Exercise description: Only the lines from the one containing "Fleur De Lis" to the end of the data are wanted; print them exactly as they appear.

☆ ☆ ☆ ☆ ☆

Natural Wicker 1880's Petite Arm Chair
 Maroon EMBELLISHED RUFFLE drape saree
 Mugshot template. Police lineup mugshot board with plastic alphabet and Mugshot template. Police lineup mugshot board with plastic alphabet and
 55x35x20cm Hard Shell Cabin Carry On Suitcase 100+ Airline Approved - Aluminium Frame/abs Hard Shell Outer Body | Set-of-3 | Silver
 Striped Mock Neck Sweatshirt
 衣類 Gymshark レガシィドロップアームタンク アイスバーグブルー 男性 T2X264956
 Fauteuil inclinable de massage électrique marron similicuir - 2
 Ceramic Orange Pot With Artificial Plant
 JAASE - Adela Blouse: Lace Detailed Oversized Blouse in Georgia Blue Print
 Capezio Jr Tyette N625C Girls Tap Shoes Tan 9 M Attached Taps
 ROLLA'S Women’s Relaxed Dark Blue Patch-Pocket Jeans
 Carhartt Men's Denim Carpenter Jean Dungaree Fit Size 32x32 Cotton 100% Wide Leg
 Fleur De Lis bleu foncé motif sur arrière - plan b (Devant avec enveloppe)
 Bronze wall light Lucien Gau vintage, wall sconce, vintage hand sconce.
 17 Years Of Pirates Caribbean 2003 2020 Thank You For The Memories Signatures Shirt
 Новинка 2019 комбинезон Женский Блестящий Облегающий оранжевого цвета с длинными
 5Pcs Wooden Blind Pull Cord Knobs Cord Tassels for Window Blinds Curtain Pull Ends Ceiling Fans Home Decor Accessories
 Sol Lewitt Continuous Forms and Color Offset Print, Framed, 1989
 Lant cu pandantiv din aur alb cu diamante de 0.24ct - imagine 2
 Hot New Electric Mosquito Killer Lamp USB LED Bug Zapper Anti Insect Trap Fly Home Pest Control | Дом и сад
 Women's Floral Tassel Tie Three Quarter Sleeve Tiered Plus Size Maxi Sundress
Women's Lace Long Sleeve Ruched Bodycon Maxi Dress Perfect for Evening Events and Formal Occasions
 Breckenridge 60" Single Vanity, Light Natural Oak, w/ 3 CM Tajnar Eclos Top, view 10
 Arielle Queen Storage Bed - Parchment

☆ ☆ ☆ ☆ ☆

Response for this exercise:
 Fleur De Lis bleu foncé motif sur arrière - plan b (Devant avec enveloppe)
 Bronze wall light Lucien Gau vintage, wall sconce, vintage hand sconce.
 17 Years Of Pirates Caribbean 2003 2020 Thank You For The Memories Signatures Shirt
 Новинка 2019 комбинезон Женский Блестящий Облегающий оранжевого цвета с длинными
 5Pcs Wooden Blind Pull Cord Knobs Cord Tassels for Window Blinds Curtain Pull Ends Ceiling Fans Home Decor Accessories
 Sol Lewitt Continuous Forms and Color Offset Print, Framed, 1989
 Lant cu pandantiv din aur alb cu diamante de 0.24ct - imagine 2
 Hot New Electric Mosquito Killer Lamp USB LED Bug Zapper Anti Insect Trap Fly Home Pest Control | Дом и сад
 Women's Floral Tassel Tie Three Quarter Sleeve Tiered Plus Size Maxi Sundress
Women's Lace Long Sleeve Ruched Bodycon Maxi Dress Perfect for Evening Events and Formal Occasions
 Breckenridge 60" Single Vanity, Light Natural Oak, w/ 3 CM Tajnar Eclos Top, view 10
 Arielle Queen Storage Bed - Parchment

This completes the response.